In the halcyon days of the early century, when people asked me how long I’d lived on Folly, and I’d reply ten or fifteen – depending on the year –they’d inevitably respond, “Wow, you must have seen lots of changes.”
“Actually, not all that much on the East Side where I live,” I’d say. “There’s no sewage, so you can’t build a beach McMansion on a lot that doesn’t perk, or barely perks.”
Alas, however, that assessment predated the proliferation of Airbnbs that are popping up all over the island like irritating internet ads, infiltrating not only the commercial district but residential neighborhoods as well. The unpaved lane where our home stands, once the site of an idyllic neighborhood of mostly unmarried senior citizens, has been transformed into Little Fort Lauderdale. Houses that were zoned for one or two bedrooms now hold as many as fifteen to twenty defecators straining the unseen septic tanks over which they park their vehicles on lawns of well-tended rye.

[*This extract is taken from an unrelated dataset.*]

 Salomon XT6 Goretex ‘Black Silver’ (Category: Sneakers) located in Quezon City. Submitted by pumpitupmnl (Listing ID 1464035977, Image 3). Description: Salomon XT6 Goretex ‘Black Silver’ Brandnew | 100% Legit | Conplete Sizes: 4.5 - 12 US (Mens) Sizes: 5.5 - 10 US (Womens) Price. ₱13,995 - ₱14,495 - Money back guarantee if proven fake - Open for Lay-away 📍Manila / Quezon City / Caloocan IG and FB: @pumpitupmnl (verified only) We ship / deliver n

And, when night/ Darkens the streets, then wander forth the sons /Of Belial, flown with insolence and wine.
Why rent your quaint beach cottage to a struggling musician or food and beverage worker when you can make more in three days than you would in a month by renting to bachelor party attendants or untanned wanna-be beachcombers rolling up in their exhaust-spewing Pathfinders?
I walk to the post office every weekday morning, and I’d guess seventy percent of the traffic consists of the white pick-up trucks of subcontractors, the plastic surgeons of construction, engaged in the soul-crushing transformation of gentrification.
However, it’s not really the funky real estate that makes Folly Folly; rather, it’s the long-term renters, the bartenders, cooks, and waitresses, the painters, the musicians, eking out their livings in a soulful setting.
The population of residents of Folly is in decline. Leave it to Springsteen to nail it:
Because there’s just different people coming down here now and they see things in different ways
And soon everything we’ve known will just be swept away.
But look, there’s a conga line of bachelorette party weekenders! Hubbub-hubbub-bubba, swish boom Bah!
 Paradise Lost, 1.500-3. Perhaps I should have titled this piece “Paradise Lost.”